Of course I also stim for the typical reasons, but I feel like I’ll sometimes sort of “play up” certain autism-associated traits as a form of body language… I’ve also experienced people not understanding what stims are and misinterpreting mine, so maybe it’s a bit naïve of me to do this.
I was doing this subconsciously, all the time. People would tell me, I noticed you rocking back and forth, you must have been stressed. I didn’t realise I was doing this. But I think being aware of it, puts you in a weird position of choosing to do it, to try to communicate something. If the impulse to do it is there, I’ll do it. But I try not to do so, for the sake of it. Not unless I need to.
Your everyday neurotypical, may not interpret it correctly. Especially if they’re unaware of what autism is. If you want to avoid misinterpretation, you could just communicate with them clearly, that you’re overwhelmed, etc. That’s assuming the people you are communicating with, are willing to try to understand you. Ultimately, you will need to decide if that will be beneficial for you.
I wouldn’t hold out hope that this will be interpreted how you want. It may be better to catch yourself doing this when you notice it and then do something active to ameliorate your situation like getting away from the overwhelming thing or verbally asking for what you need
Perhaps normally I would do those things for those reasons, but there will always be times when I can neither talk nor leave, and don’t have a communication bracelet or smartphone on my person nor a good ‘helper’ nearby. In those types of last-resort situations, something like trying to call attention to my stimming ends up being really the only form of communication permitted by the all-powerful Zakon*.
It might actually be precisely because this “communicative stimming” is vague/indirect that draws me to it: indirect communication is for me not subject to temporary loss in the same way as the otherwise far more preferable direct communication; and because I so often need to interpret the weird body language of the neurotypical hegemon, I might end up deriving some sort of satisfaction from “turning the tables” in a situation where it’s pretty much hopeless that I’d be able to communicate at all otherwise.

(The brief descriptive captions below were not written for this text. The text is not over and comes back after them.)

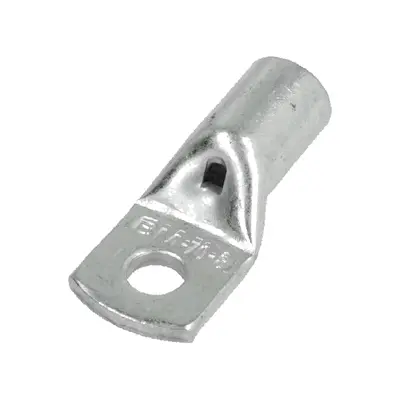 Наконечник BM Group 70 мм2, М8 (BM01937)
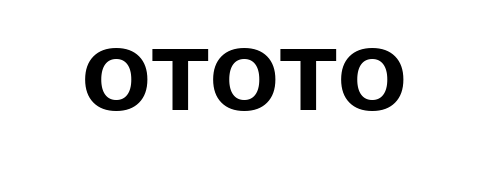 OTOTO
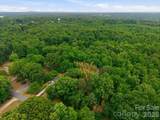 211 Sowers Ferry Road - Photo 44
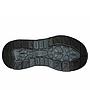 Zapatillas Outdoor Skechers Niños Boys Skech-Air Adventure 406429L-BKRD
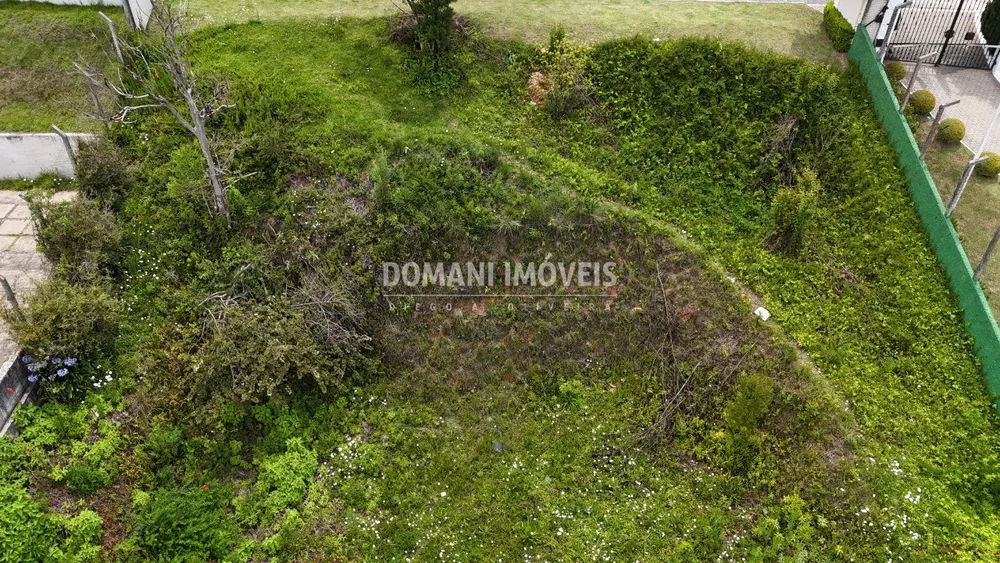 Terreno, 1180 m² - Foto 5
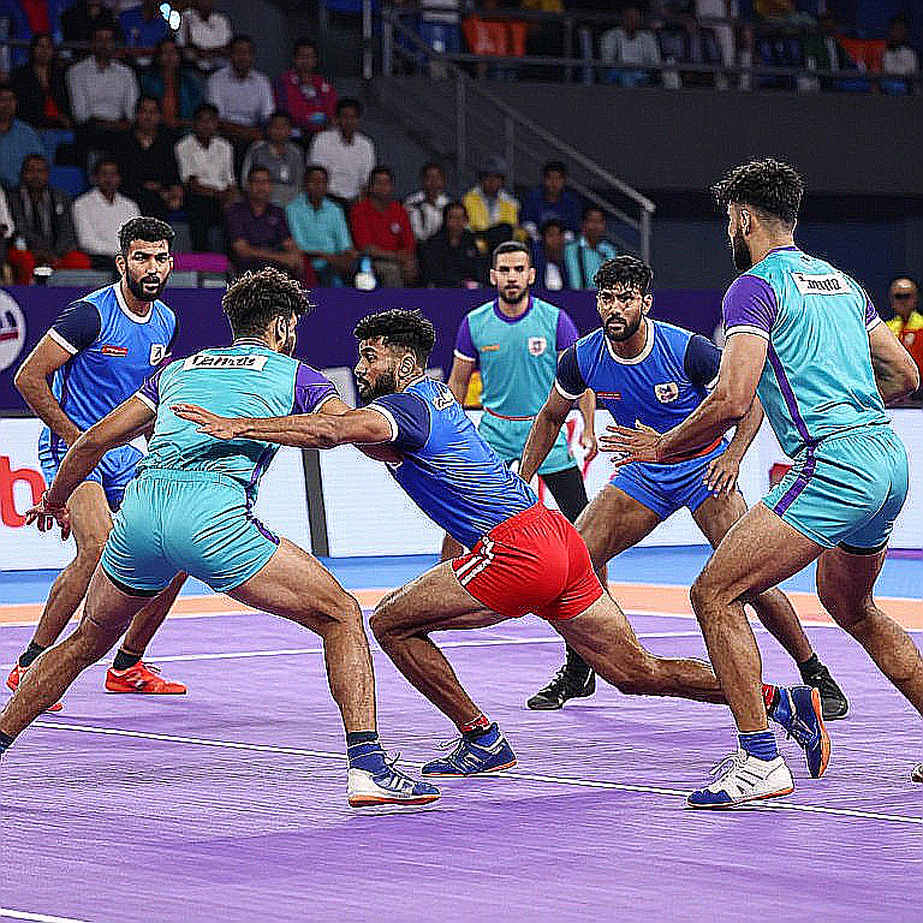 মূল্যবান এক লজ্জা: হিমাচল প্রদেশের নোটবুকে লেখা হলো না ঋতু নেগীর নাম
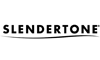 Slendertone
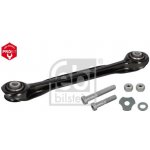 Řídicí páka, zavěšení kol FEBI BILSTEIN 33354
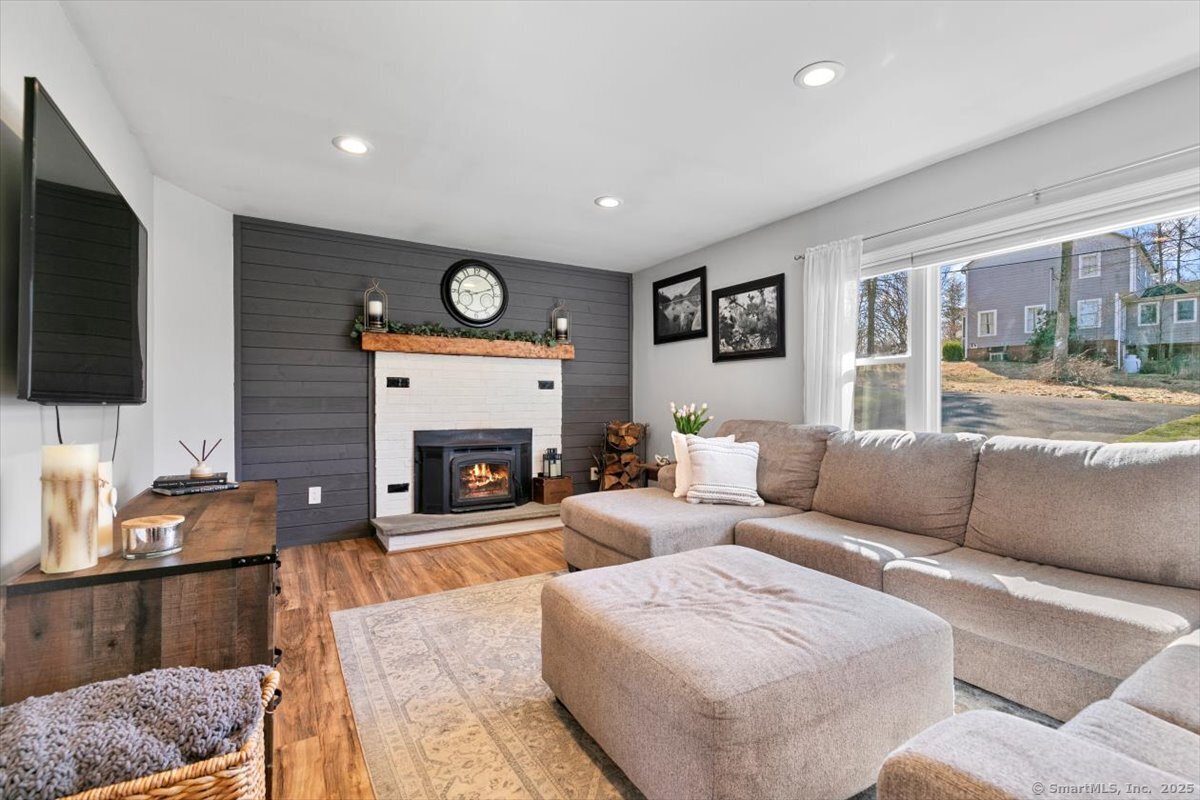 2 Jackson Drive Brookfield, CT 06804 - Photo 1 of 36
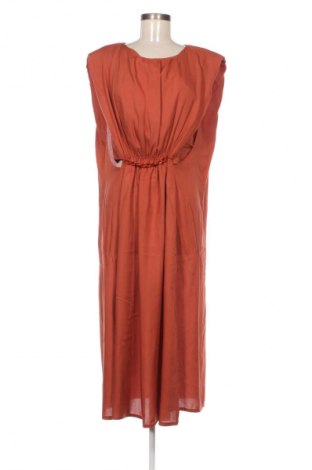 Rochie Bgn Workshop, Mărime L, Culoare Maro, Preț 353,99 Lei
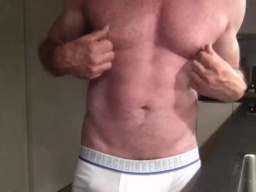 Nordicbynature1 21-08-2020  Recorded Video XXX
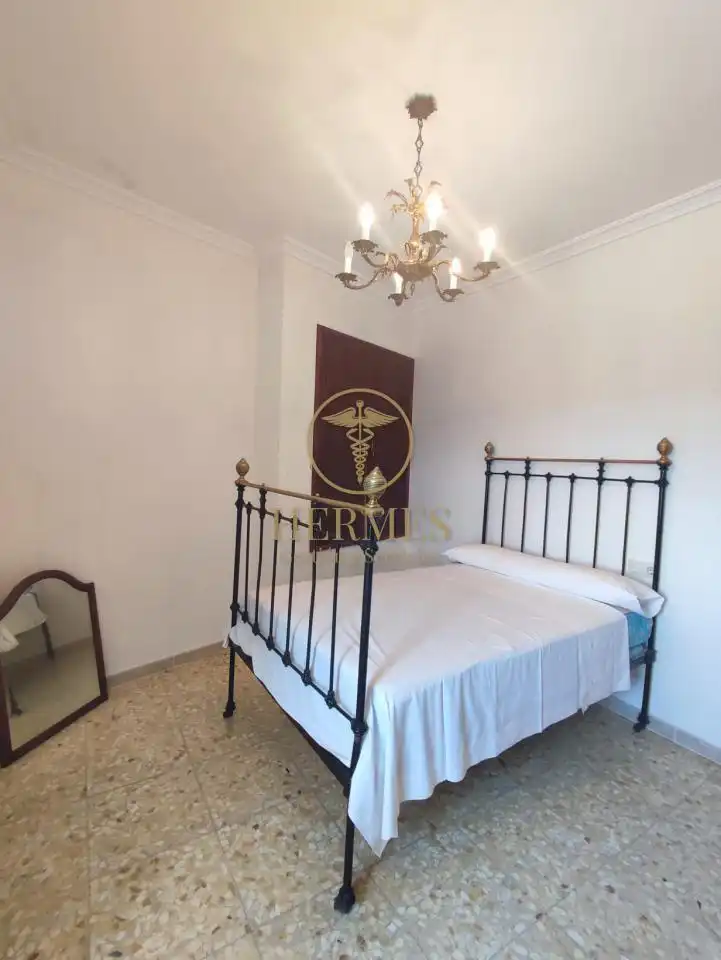 Maison avec terrasse à vendre à Cotobade, imagen 8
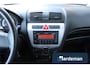 Kia Picanto 1.0 Airco Nwe. APK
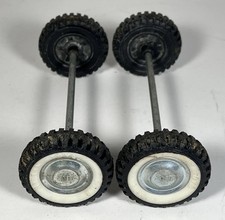 Nylint set ford for sale  Allentown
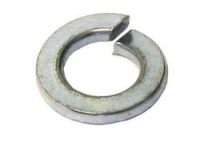 M 8 GAL GROVER WASHER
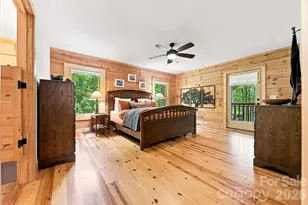 7753 Parks Mountain Dr, Newland, NC 28657 - Photo 21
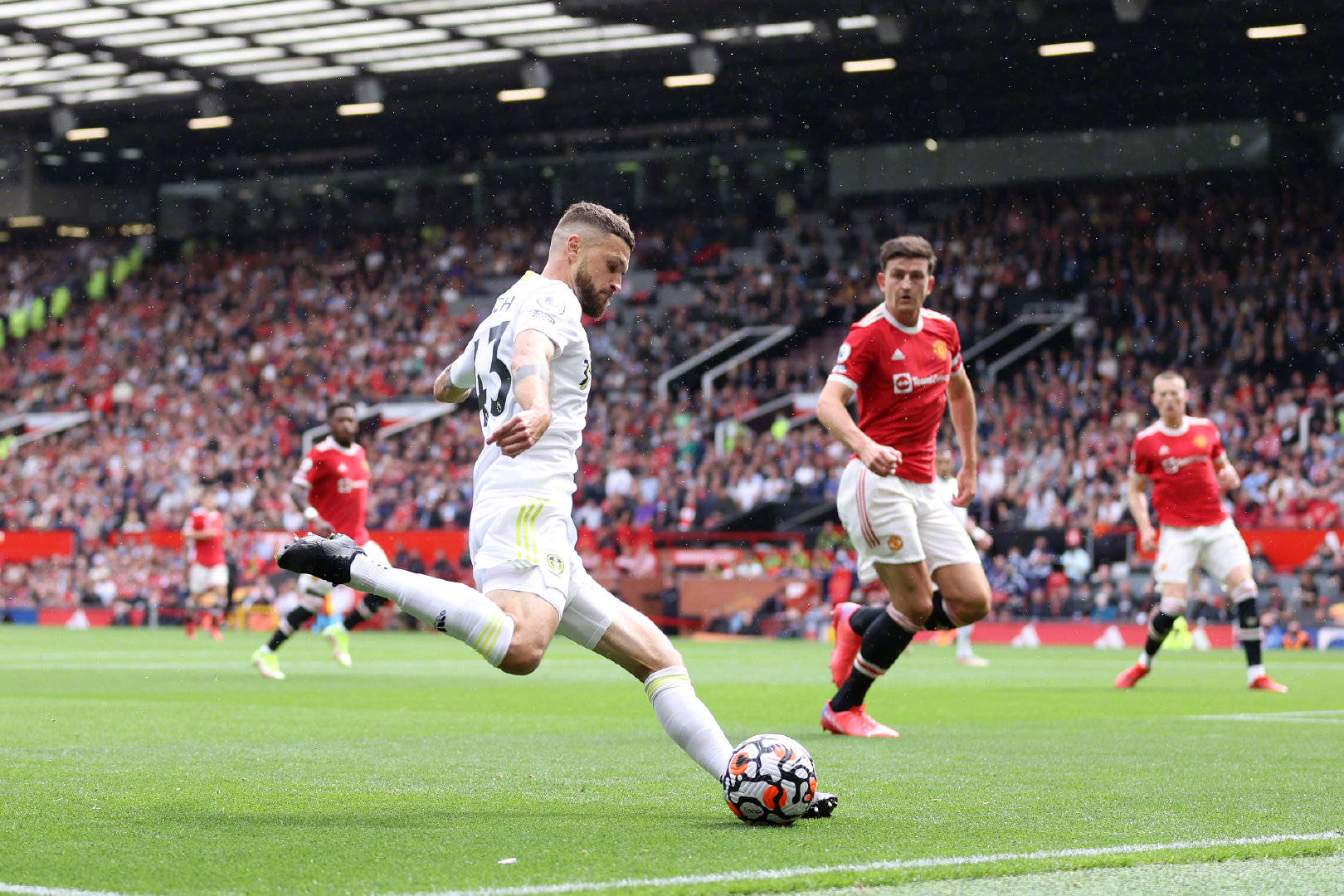 球衣号码背 球衣号码背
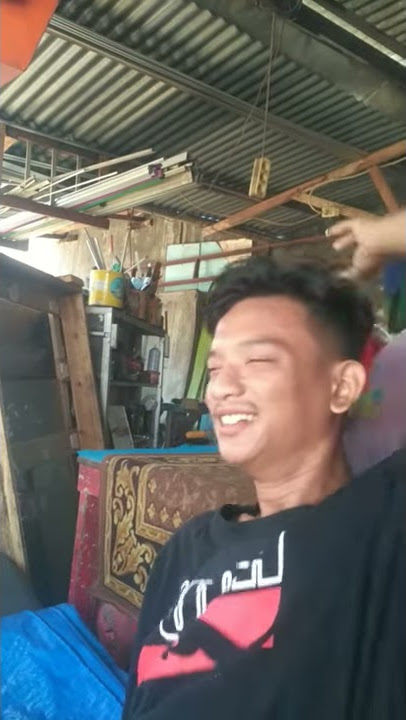 Raja bokep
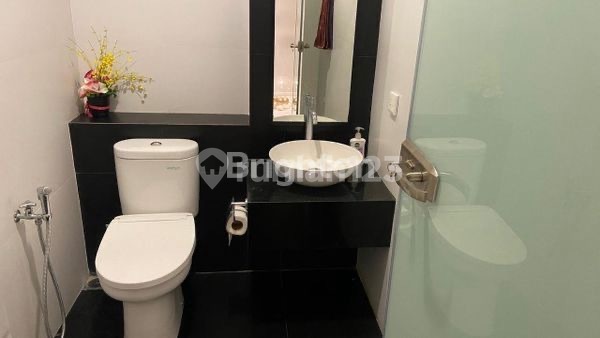 Affordable Shophouse Located in the Business Center of Solo Baru Grogol Sukoharjo. 2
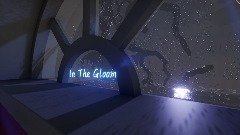 In The Gloom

*“The Zakon” (← RU зако́н ‘law’) is my all-encompassing term for rigid routines, as well as hypersensitivities and related behaviors, and the outwardly irrational behaviors related to masking-induced social anxieties/over-analysis. In summary, the Zakon is the compelling force behind every behavior that prompts people to ask why I don’t do the obviously much easier and better thing.
What if you made some nice business cards that said something like "Yo diggidy dog, I got AUTISM (bolded in all caps with sparkles) and I’m feeling a little over stimulated (more sparkle), and I don’t mean to be rude but could you flip the card over? (Now the rest of this is on the back) give me some space (space is underlined and in light blue) (with more sparkles.
I will make a moc up tomorrow
That sounds like a fun idea. I’d love to see it.
Its a work in progress right now, I swear I haven’t forgotten about it
Take your time. :-)
I swear I haven’t forgot but I can’t decide on a background and I can’t really get the sparkles right, and last but definetly not least I still am not sure if I really have autism, I dont really know if I should be interacting with the autism community because I dont know if I’m even apart and that seems to be stifling progress.